Let me start with a clarification: Needle exchange was never intended to be an ‘anti-opioid’ approach. It’s certainly not treatment, and the goal isn’t to eliminate or even significantly reduce someone’s opioid use. I guess whoever wrote the heading for this article wasn’t aware of that.
Needle exchange was one of many programs implemented in response to HIV/AIDS — a disease which arose without warning and has killed more than 700,000 Americans. Along with unprotected sex, a major avenue for the spread of HIV was the common practice of sharing used or ‘dirty’ needles. By offering to exchange those dirty needles for clean ones, public health officials hoped to reduce transmission from one needle user to another. That also helped prevent further spread of hepatitis B and C, two more blood borne diseases.
By all reports, it seems to have worked. Not perfectly, of course, but with measurable positive outcomes.
Just as it isn’t there to lead users to stop using drugs, neither does it encourage others to begin. A certain percent of those who participate in needle exchange will eventually enroll in addiction treatment. But that’s to be viewed as a welcome side benefit, not the primary reason for the program’s existence.
From a public health perspective, it’s simply one practical solution to a very challenging problem. Still, the public has often treated it with suspicion. Some because they feared it would encourage local kids to experiment with drugs — we’ve covered that already — or worse yet, attract criminals and criminal activity to the area. I recall attending one meeting where a local man stood up to berate health officials for threatening the good name of his neighborhood. He insisted that people would hear about the existence of a needle exchange program in the vicinity and conclude that this must be a ‘bad part of town’. Which, he claimed, would drive down property values.
As soon as he was finished, someone else stood up to protest that as far as she could tell, their neighborhood already had a bad reputation for drug use, and programs like this might improve things. But why, argued a third speaker, can’t it be located somewhere else? Why here?
That’s a familiar argument whenever recovery homes or treatment clinics seek to locate close to residential areas. Even has its own acronym: NIMBY.
In some cities, a compromise was reached. Needle exchange could be offered during limited hours on scheduled days, via health department vans parked in church lots. At least that way they were less visible.
Things did quiet down, and the programs got under way. But now, spurred on by pandemic anxiety, resistance has again crystallized in the form of renewed efforts to shut down or block needle exchange programs. Even in some areas where they seem well-established.

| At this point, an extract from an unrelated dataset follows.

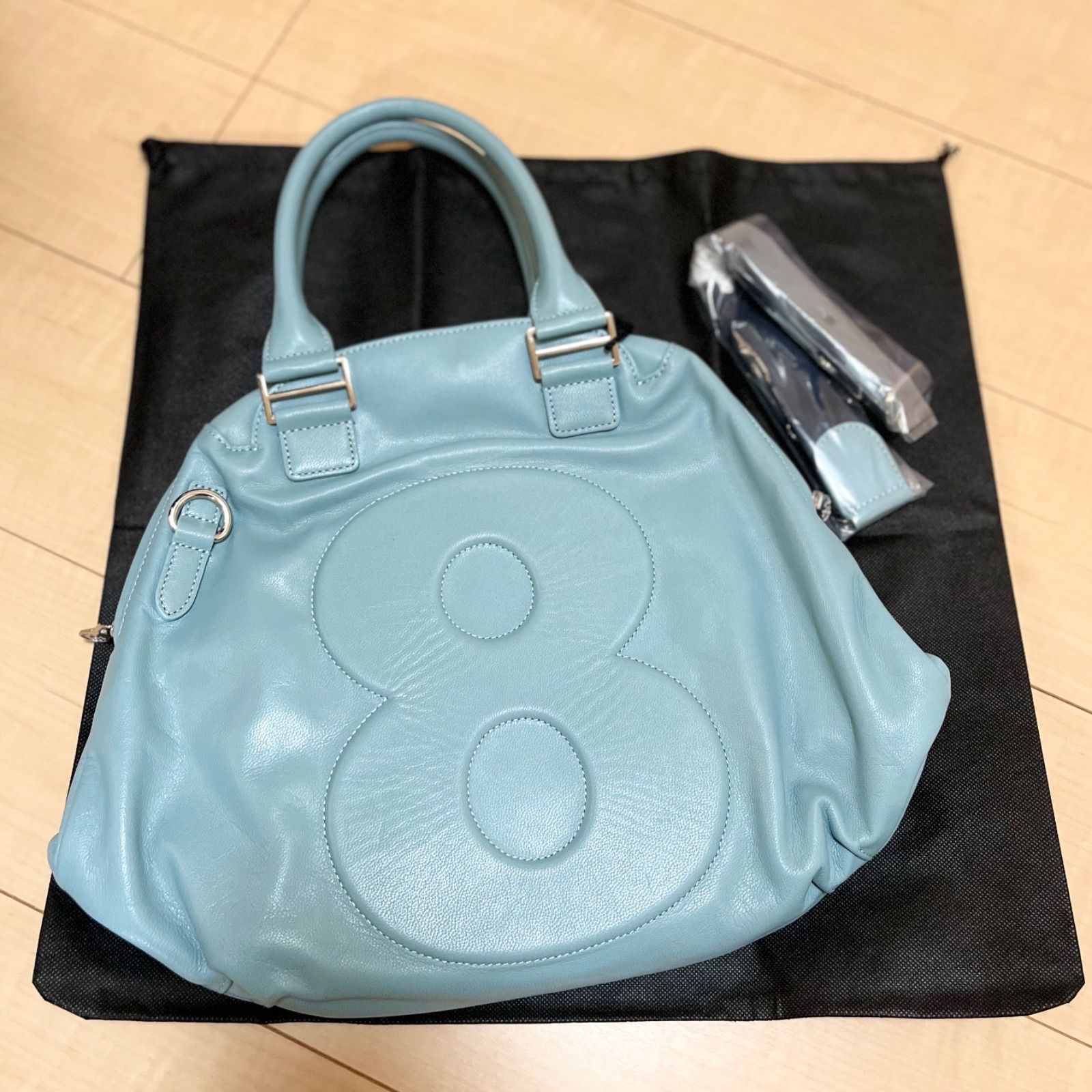 新品未使用タグ付き】muta ムータ スリムエンボス ゴート革 8バッグ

Let’s just hope the opposition doesn’t succeed. We don’t need another AIDS outbreak on top of COVID-19.
It helps to remember that this kind of resistance to a public health initiative of proven value is based in fear, and that level of feeling doesn’t readily respond to scientific argument. In the heat of the moment, we worry that the public will be persuaded to take actions that are ultimately not in their own best interests.
That happens quite often. During the pandemic, it’s actually on the rise. There will be a price to pay later, no doubt in terms of illness and death. There always is.